Dataset excerpts
==*==

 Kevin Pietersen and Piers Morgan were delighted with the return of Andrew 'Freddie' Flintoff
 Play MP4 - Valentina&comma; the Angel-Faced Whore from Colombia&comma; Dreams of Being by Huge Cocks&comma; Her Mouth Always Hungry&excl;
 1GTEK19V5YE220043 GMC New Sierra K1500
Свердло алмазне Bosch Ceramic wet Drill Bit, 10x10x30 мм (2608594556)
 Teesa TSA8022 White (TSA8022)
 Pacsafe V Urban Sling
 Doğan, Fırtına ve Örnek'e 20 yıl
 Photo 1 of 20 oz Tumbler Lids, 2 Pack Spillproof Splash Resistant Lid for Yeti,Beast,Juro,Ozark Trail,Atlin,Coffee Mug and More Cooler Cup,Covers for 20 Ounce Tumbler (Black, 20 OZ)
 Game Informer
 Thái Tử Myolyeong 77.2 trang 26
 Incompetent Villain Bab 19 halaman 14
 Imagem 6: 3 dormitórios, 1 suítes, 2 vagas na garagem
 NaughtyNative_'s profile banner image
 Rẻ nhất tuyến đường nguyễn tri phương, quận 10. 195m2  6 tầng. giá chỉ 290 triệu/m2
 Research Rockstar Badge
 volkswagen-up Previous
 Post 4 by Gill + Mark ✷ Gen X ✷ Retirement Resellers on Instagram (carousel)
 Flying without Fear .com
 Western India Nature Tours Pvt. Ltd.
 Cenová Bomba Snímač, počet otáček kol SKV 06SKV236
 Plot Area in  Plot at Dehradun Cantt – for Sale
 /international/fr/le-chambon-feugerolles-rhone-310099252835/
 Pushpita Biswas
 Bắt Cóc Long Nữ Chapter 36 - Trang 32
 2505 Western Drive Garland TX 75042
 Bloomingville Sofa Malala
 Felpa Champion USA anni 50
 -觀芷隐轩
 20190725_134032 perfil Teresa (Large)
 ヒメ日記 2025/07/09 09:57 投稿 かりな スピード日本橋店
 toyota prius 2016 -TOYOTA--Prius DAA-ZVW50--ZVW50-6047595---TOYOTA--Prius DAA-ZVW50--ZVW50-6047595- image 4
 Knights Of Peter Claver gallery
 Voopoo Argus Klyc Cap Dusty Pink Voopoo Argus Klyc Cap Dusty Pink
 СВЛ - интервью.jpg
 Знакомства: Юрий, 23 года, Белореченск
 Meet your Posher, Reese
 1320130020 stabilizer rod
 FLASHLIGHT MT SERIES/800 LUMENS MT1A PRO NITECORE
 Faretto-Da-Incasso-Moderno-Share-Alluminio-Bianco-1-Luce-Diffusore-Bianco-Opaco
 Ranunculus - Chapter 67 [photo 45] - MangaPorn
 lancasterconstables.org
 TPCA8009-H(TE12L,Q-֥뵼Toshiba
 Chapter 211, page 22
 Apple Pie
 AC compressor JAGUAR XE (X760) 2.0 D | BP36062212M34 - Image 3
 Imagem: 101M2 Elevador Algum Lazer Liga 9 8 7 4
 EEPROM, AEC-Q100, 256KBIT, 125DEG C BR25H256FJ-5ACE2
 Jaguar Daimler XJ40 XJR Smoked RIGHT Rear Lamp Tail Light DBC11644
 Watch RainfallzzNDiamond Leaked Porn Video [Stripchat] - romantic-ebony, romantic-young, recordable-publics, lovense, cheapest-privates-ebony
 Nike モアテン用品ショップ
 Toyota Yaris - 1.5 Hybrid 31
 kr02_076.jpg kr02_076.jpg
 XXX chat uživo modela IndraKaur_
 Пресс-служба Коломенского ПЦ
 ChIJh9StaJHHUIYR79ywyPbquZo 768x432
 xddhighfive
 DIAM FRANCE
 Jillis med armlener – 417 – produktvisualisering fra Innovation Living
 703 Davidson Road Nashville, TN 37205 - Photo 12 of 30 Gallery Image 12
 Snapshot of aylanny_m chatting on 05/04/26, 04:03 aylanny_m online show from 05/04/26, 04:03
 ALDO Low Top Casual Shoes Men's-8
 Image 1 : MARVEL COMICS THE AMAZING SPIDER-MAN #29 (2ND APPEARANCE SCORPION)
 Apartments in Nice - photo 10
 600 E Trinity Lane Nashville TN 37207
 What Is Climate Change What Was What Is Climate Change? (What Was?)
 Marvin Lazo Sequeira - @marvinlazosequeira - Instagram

==*==

Repeat all the lines above, keeping them exactly as they are.

 Kevin Pietersen and Piers Morgan were delighted with the return of Andrew 'Freddie' Flintoff
 Play MP4 - Valentina&comma; the Angel-Faced Whore from Colombia&comma; Dreams of Being by Huge Cocks&comma; Her Mouth Always Hungry&excl;
 1GTEK19V5YE220043 GMC New Sierra K1500
Свердло алмазне Bosch Ceramic wet Drill Bit, 10x10x30 мм (2608594556)
 Teesa TSA8022 White (TSA8022)
 Pacsafe V Urban Sling
 Doğan, Fırtına ve Örnek'e 20 yıl
 Photo 1 of 20 oz Tumbler Lids, 2 Pack Spillproof Splash Resistant Lid for Yeti,Beast,Juro,Ozark Trail,Atlin,Coffee Mug and More Cooler Cup,Covers for 20 Ounce Tumbler (Black, 20 OZ)
 Game Informer
 Thái Tử Myolyeong 77.2 trang 26
 Incompetent Villain Bab 19 halaman 14
 Imagem 6: 3 dormitórios, 1 suítes, 2 vagas na garagem
 NaughtyNative_'s profile banner image
 Rẻ nhất tuyến đường nguyễn tri phương, quận 10. 195m2  6 tầng. giá chỉ 290 triệu/m2
 Research Rockstar Badge
 volkswagen-up Previous
 Post 4 by Gill + Mark ✷ Gen X ✷ Retirement Resellers on Instagram (carousel)
 Flying without Fear .com
 Western India Nature Tours Pvt. Ltd.
 Cenová Bomba Snímač, počet otáček kol SKV 06SKV236
 Plot Area in  Plot at Dehradun Cantt – for Sale
 /international/fr/le-chambon-feugerolles-rhone-310099252835/
 Pushpita Biswas
 Bắt Cóc Long Nữ Chapter 36 - Trang 32
 2505 Western Drive Garland TX 75042
 Bloomingville Sofa Malala
 Felpa Champion USA anni 50
 -觀芷隐轩
 20190725_134032 perfil Teresa (Large)
 ヒメ日記 2025/07/09 09:57 投稿 かりな スピード日本橋店
 toyota prius 2016 -TOYOTA--Prius DAA-ZVW50--ZVW50-6047595---TOYOTA--Prius DAA-ZVW50--ZVW50-6047595- image 4
 Knights Of Peter Claver gallery
 Voopoo Argus Klyc Cap Dusty Pink Voopoo Argus Klyc Cap Dusty Pink
 СВЛ - интервью.jpg
 Знакомства: Юрий, 23 года, Белореченск
 Meet your Posher, Reese
 1320130020 stabilizer rod
 FLASHLIGHT MT SERIES/800 LUMENS MT1A PRO NITECORE
 Faretto-Da-Incasso-Moderno-Share-Alluminio-Bianco-1-Luce-Diffusore-Bianco-Opaco
 Ranunculus - Chapter 67 [photo 45] - MangaPorn
 lancasterconstables.org
 TPCA8009-H(TE12L,Q-֥뵼Toshiba
 Chapter 211, page 22
 Apple Pie
 AC compressor JAGUAR XE (X760) 2.0 D | BP36062212M34 - Image 3
 Imagem: 101M2 Elevador Algum Lazer Liga 9 8 7 4
 EEPROM, AEC-Q100, 256KBIT, 125DEG C BR25H256FJ-5ACE2
 Jaguar Daimler XJ40 XJR Smoked RIGHT Rear Lamp Tail Light DBC11644
 Watch RainfallzzNDiamond Leaked Porn Video [Stripchat] - romantic-ebony, romantic-young, recordable-publics, lovense, cheapest-privates-ebony
 Nike モアテン用品ショップ
 Toyota Yaris - 1.5 Hybrid 31
 kr02_076.jpg kr02_076.jpg
 XXX chat uživo modela IndraKaur_
 Пресс-служба Коломенского ПЦ
 ChIJh9StaJHHUIYR79ywyPbquZo 768x432
 xddhighfive
 DIAM FRANCE
 Jillis med armlener – 417 – produktvisualisering fra Innovation Living
 703 Davidson Road Nashville, TN 37205 - Photo 12 of 30 Gallery Image 12
 Snapshot of aylanny_m chatting on 05/04/26, 04:03 aylanny_m online show from 05/04/26, 04:03
 ALDO Low Top Casual Shoes Men's-8
 Image 1 : MARVEL COMICS THE AMAZING SPIDER-MAN #29 (2ND APPEARANCE SCORPION)
 Apartments in Nice - photo 10
 600 E Trinity Lane Nashville TN 37207
 What Is Climate Change What Was What Is Climate Change? (What Was?)
 Marvin Lazo Sequeira - @marvinlazosequeira - Instagram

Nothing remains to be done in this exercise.